ABOUT THIS TASK –
Return exactly the lines of the data below, from the one that contains "Chennai Super Kings" through the final line, and leave out every picture.

Short web captions –
○ ○ ○

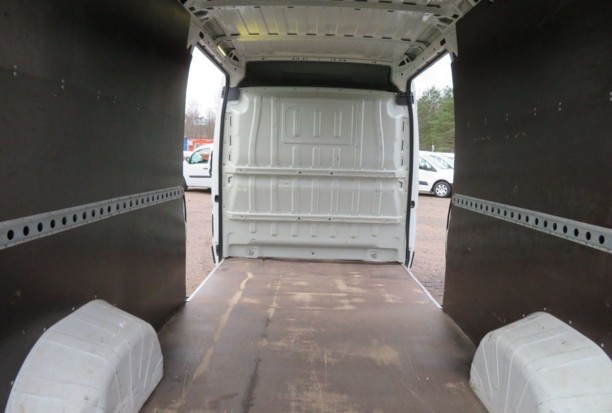 Peugeot Boxer L3H2, 2016 г.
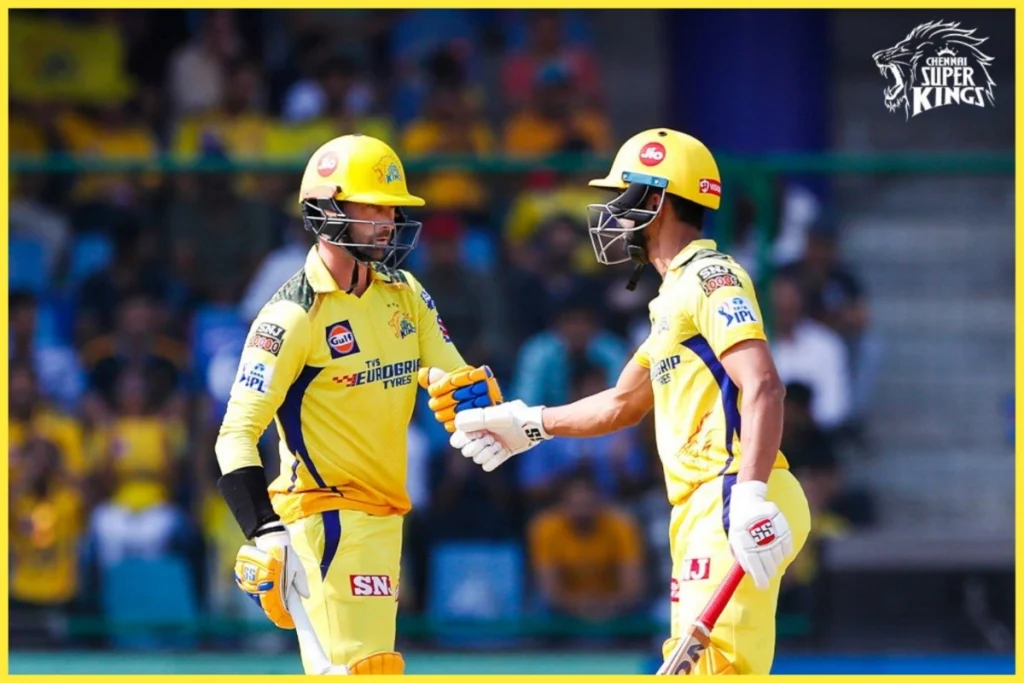 Chennai Super Kings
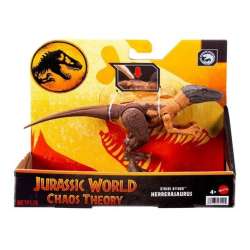 Jurassic World Dinozaur Nagły atak Figurka JCL59 - 1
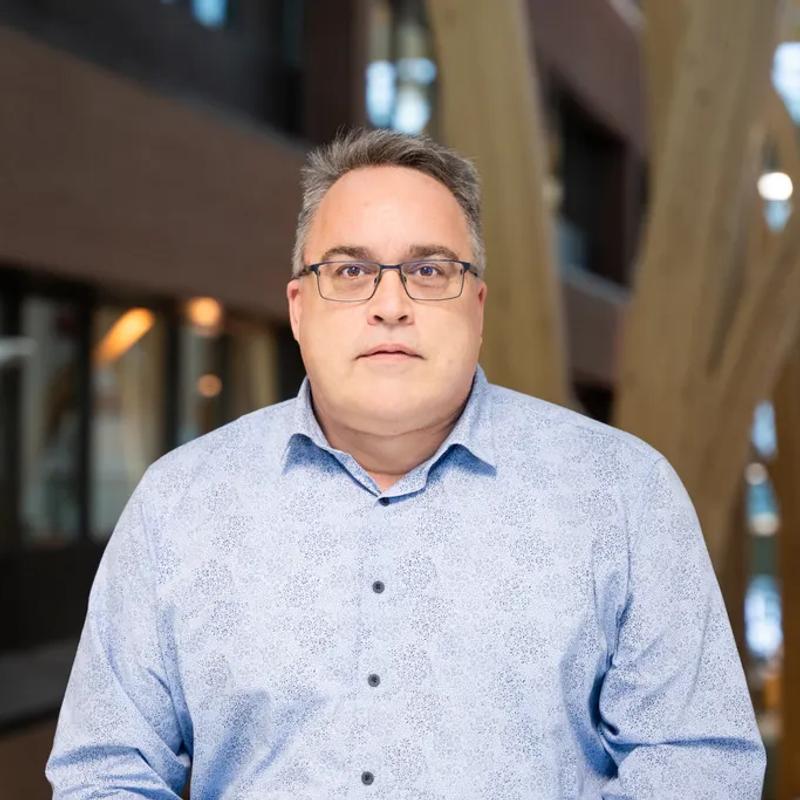Jason Ozbolt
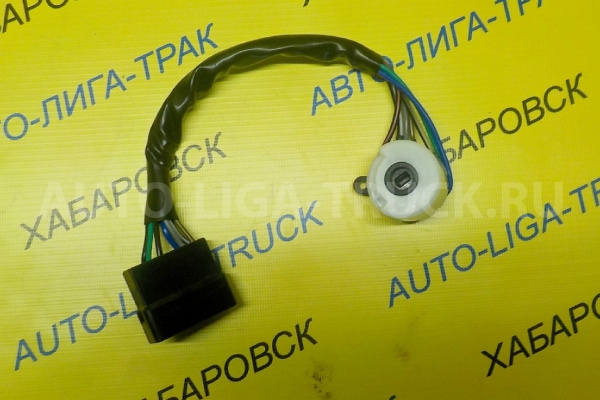 Замок зажигания Toyota Dyna, Toyoace Замок зажигания    45280-12110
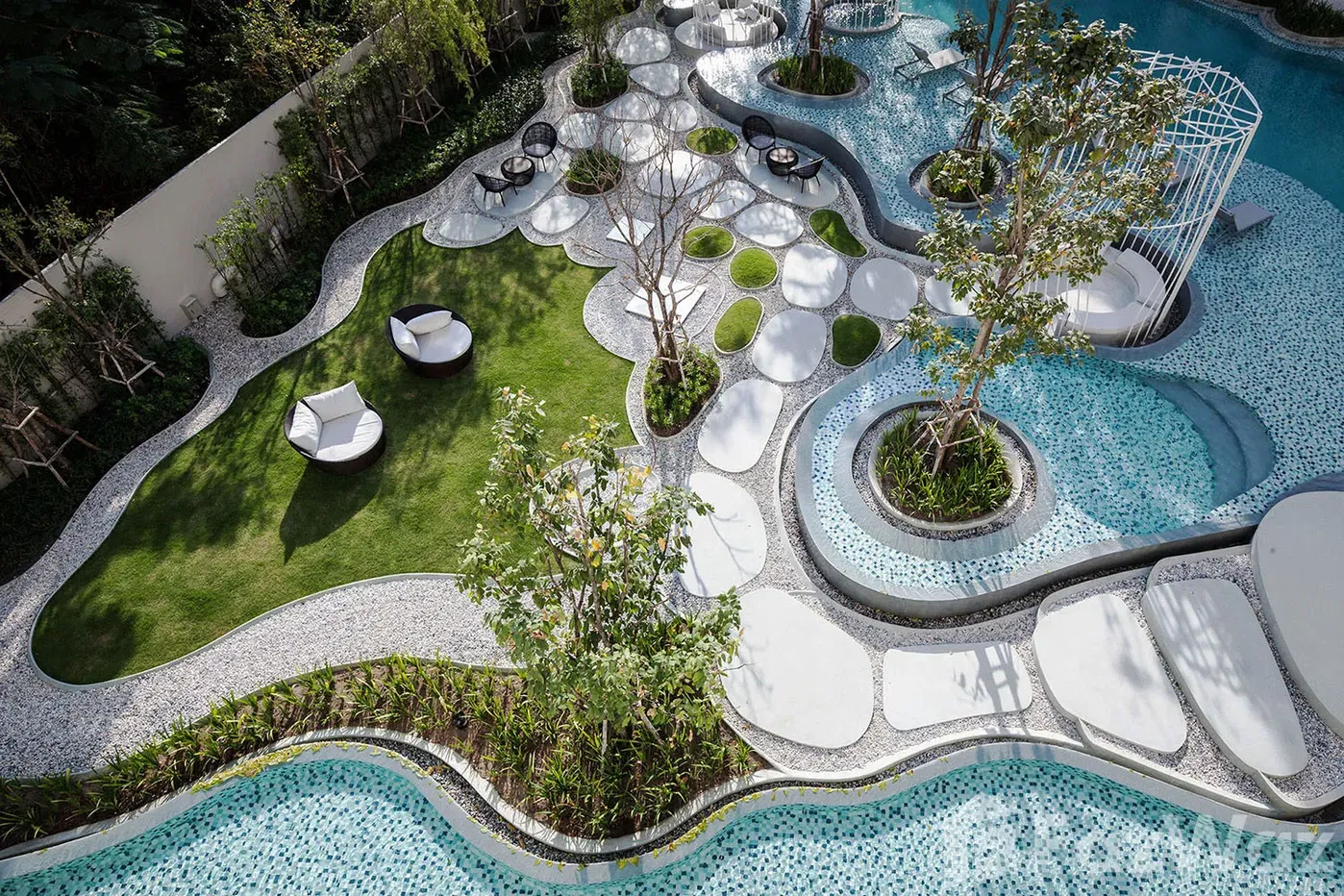 picture 2 Bedroom Condo for sale at Summer Hua Hin - 8/16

○ ○ ○

ANSWER TO THIS TASK –
 Chennai Super Kings
 Jurassic World Dinozaur Nagły atak Figurka JCL59 - 1
Jason Ozbolt
 Замок зажигания Toyota Dyna, Toyoace Замок зажигания    45280-12110
 picture 2 Bedroom Condo for sale at Summer Hua Hin - 8/16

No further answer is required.